I usually try to discuss words whose origin is so uncertain that, when it comes to etymology, dictionaries refuse to commit themselves. But every now and then words occur whose history has been investigated most convincingly, and their history is worth recounting. Such is the word odd. Everything is odd about it, including the fact that its original form has not survived in English. Odd appeared as odde in the fourteenth century. It was a borrowing from Scandinavian, where oddr meant “spear point” and metonymically “spear.” But next to oddr Old Icelandic oddi “triangle; a ‘tongue’ of land” existed. From “triangle” the meaning “an odd number,” as opposed to “an even number,” developed. The compound oddamaðr (ð has the value of th in Modern Engl. the, this, that) meant “the third man, he who gives the casting vote” or simply “an odd man,” that is, the third, fifth, and so forth. It is from oddamaðr that English has “odd man (out).” Icelandic oddatal “odd number” has the same structure as oddamaðr; tal is related to Engl. tell “count,” as in tell the beads and others (compare also the noun teller). Icelandic vera í odda continued into English as to be at odds, and this is also why heroes fight against overwhelming odds. Odd in twenty odd years, three hundred odd (any number between 300 and 400) has the same source. Even oddball, coined apparently in America close to the middle of the twentieth century, harkens back to the Old Scandinavian word. Such are the odds and ends of etymology. Some dictionaries devote separate entries to the adjective odd and the plural noun odds, but there is no need to do so. The singular — the odd — occurs in whist and golf; since the meaning of the odd is “handicap,” it resembles the plural in the common phrase odds-on. Odd is an ideal playing ground for puns. Is odd couple “an extra pair” or “two people who don’t match”? An odd trick in whist is not a peculiar trick but the seventh, the first the winners count toward the score (incidentally, the terminology of games is not the same in Great Britain and the United States).

Oddi was frequent in Scandinavian local names, and it was on a farm called Oddi that Snorri Sturluson (1179-1241) grew up.

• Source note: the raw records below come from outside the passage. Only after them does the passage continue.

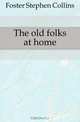 The old folks at home, Foster Stephen Collins 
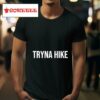 Tryna Hike Tshirt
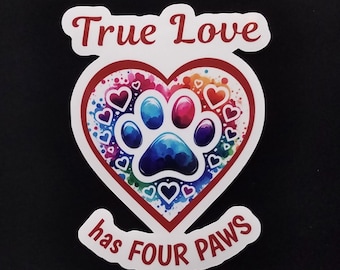 White Vinyl Sticker, True Love Has Four Paws, Weatherproof, Gift For Dog Mom, Cat Mom or Vet, Sticker For Cell Phone, Laptop, Water Bottle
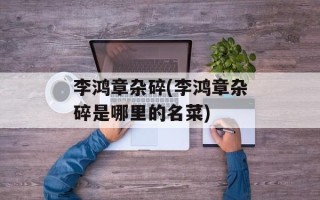 李鸿章杂碎(李鸿章杂碎是哪里的名菜)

At the bottom of this post, a modern picture of Oddi is reproduced. This photo, along with geysers, volcanoes, mountains (in which only ghosts live), and Þingvellir (the place of the most ancient European parliament), is one of the best-known sights used in advertising trips to Iceland (þ = th in Engl. thin). Snorri was a great historian, poet, and politician. He wrote a book known today as The Prose Edda, or The Younger Edda, a manual of Old Scandinavian poetics and myths, as they were remembered in the thirteenth century. He also wrote a history of the kings of Norway (Heimskringla; the book still reads like a thriller — it exists in two excellent English translations) and possibly one the best sagas (The Saga of Egill; in English translations, usually one l is retained: Egil). He was killed by his enemies, and never has a more tragic event happened in the history of Icelandic literature. The origin of the name Edda is a mystery (though the conjectures by etymologists are many), and attempts have been made to connect Edda and Oddi, but the connection is, almost certainly, due to chance and is not more convincing than the one between Boston and best. It is for the sake of Snorri, if for nothing else, that the etymology of odd deserves our attention.